> **WORK INSTRUCTION**:
Would you please output only the lines from the one containing "Air conditioning (A/C) pipe/hose" through the end of the entries below, exactly as written?

Short text fragments from websites
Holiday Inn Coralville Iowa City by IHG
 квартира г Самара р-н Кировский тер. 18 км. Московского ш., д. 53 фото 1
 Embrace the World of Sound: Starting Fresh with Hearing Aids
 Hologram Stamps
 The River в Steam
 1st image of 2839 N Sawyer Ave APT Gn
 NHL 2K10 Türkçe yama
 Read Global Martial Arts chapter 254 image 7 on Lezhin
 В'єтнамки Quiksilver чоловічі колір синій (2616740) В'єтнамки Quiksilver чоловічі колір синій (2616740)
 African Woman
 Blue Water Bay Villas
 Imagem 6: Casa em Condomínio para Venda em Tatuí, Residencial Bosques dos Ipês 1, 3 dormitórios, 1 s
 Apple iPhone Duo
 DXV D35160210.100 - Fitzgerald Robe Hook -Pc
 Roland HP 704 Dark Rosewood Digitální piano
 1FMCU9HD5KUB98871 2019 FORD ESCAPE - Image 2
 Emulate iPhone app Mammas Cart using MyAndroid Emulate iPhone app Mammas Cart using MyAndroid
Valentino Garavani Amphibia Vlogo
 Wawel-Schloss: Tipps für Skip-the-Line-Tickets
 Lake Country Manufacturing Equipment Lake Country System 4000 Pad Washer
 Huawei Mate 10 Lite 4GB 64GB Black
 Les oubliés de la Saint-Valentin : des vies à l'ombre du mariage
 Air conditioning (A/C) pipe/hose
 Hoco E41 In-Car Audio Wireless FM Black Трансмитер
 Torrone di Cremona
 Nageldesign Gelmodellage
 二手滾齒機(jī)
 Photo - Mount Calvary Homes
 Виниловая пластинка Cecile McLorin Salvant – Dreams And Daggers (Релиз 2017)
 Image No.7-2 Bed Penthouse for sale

> **YOUR RESPONSE**:
 Air conditioning (A/C) pipe/hose
 Hoco E41 In-Car Audio Wireless FM Black Трансмитер
 Torrone di Cremona
 Nageldesign Gelmodellage
 二手滾齒機(jī)
 Photo - Mount Calvary Homes
 Виниловая пластинка Cecile McLorin Salvant – Dreams And Daggers (Релиз 2017)
 Image No.7-2 Bed Penthouse for sale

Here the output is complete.